WHAT IS BEING ASKED: Look through the data below and output, unchanged, every line from the one holding "Service departments X" through the one holding "Now here h is", inclusive. Skip the pictures.
── DATA TO USE ──
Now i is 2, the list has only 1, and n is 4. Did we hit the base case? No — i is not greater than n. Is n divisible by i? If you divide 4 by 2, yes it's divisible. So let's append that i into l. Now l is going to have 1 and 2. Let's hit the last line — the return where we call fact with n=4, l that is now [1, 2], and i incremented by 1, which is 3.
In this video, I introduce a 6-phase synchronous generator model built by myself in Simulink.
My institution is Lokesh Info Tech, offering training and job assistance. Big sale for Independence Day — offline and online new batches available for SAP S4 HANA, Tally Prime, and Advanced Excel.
───
── DATA TO USE ──
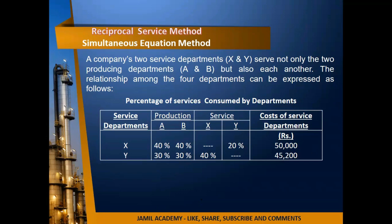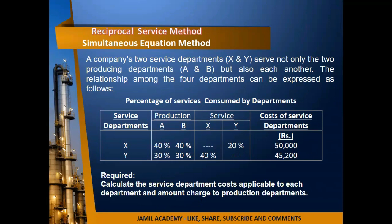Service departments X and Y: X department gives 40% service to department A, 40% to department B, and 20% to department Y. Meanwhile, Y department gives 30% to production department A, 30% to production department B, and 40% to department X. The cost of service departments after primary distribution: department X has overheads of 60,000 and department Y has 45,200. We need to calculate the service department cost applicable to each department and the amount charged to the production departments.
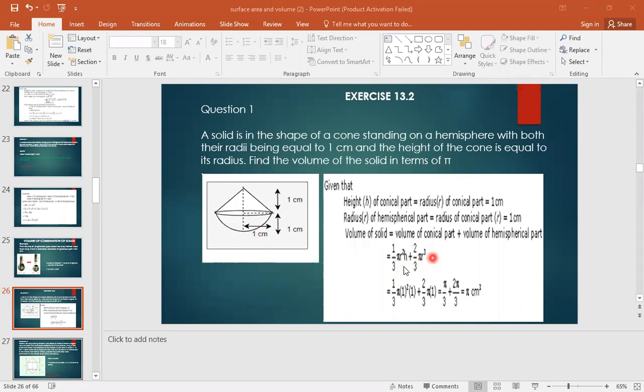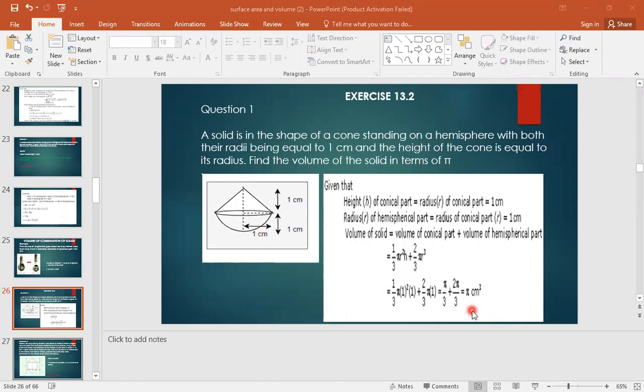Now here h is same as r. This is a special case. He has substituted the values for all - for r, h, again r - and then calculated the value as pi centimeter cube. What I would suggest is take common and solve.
───
FINISHED EXERCISE:
Service departments X and Y: X department gives 40% service to department A, 40% to department B, and 20% to department Y. Meanwhile, Y department gives 30% to production department A, 30% to production department B, and 40% to department X. The cost of service departments after primary distribution: department X has overheads of 60,000 and department Y has 45,200. We need to calculate the service department cost applicable to each department and the amount charged to the production departments.
Now here h is same as r. This is a special case. He has substituted the values for all - for r, h, again r - and then calculated the value as pi centimeter cube. What I would suggest is take common and solve.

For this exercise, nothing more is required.